K: Maximum number of iterations.
verbose: Logical. If TRUE, prints information to the screen while evaluating.
lambda: Penalty parameter (a number).
icepost: Logical. If TRUE, it carries out a post-lasso estimation with just the selected variables and reports the coefficients from this regression.
Returns
A matrix with coefficient estimates for all dependent variables.
Details
This functions enables users to implement the "iceberg" step in the two-step procedure described in Breinlich, Corradi, Rocha, Ruta, Santos Silva and Zylkin (2020). To do this after using the plugin method in mlfitppml, just select all the variables with non-zero coefficients in dep and the remaining regressors in indep. The function will then perform separate lasso estimation on each of the selected dependent variables and report the coefficients.
References
Breinlich, H., Corradi, V., Rocha, N., Ruta, M., Santos Silva, J.M.C. and T. Zylkin (2021). "Machine Learning in International Trade Research: Evaluating the Impact of Trade Agreements", Policy Research Working Paper; No. 9629. World Bank, Washington, DC.

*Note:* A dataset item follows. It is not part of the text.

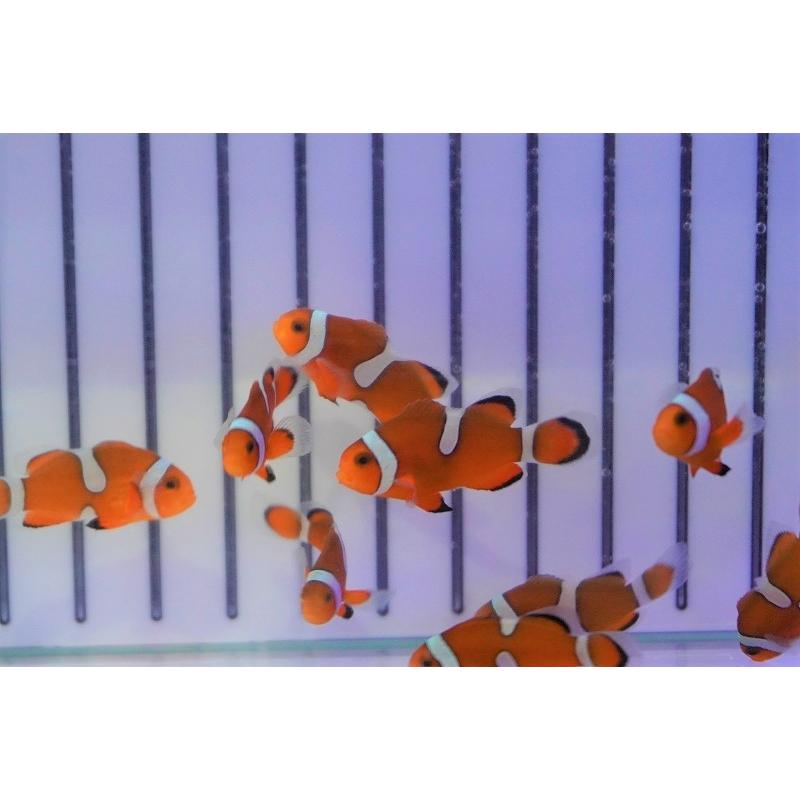 【海水魚・クマノミ】ブリード・カクレクマノミ （イレギュラーバンド）(1匹)±3-4cm (サンプル画像）（生体）｜petballoonshop｜04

Correia, S., P. Guimaraes and T. Zylkin (2020). "Fast Poisson estimation with high dimensional fixed effects", STATA Journal, 20, 90-115.
Gaure, S (2013). "OLS with multiple high dimensional category variables", Computational Statistics & Data Analysis, 66, 8-18.
Friedman, J., T. Hastie, and R. Tibshirani (2010). "Regularization paths for generalized linear models via coordinate descent", Journal of Statistical Software, 33, 1-22.
Belloni, A., V. Chernozhukov, C. Hansen and D. Kozbur (2016). "Inference in high dimensional panel models with an application to gun control", Journal of Business & Economic Statistics, 34, 590-605.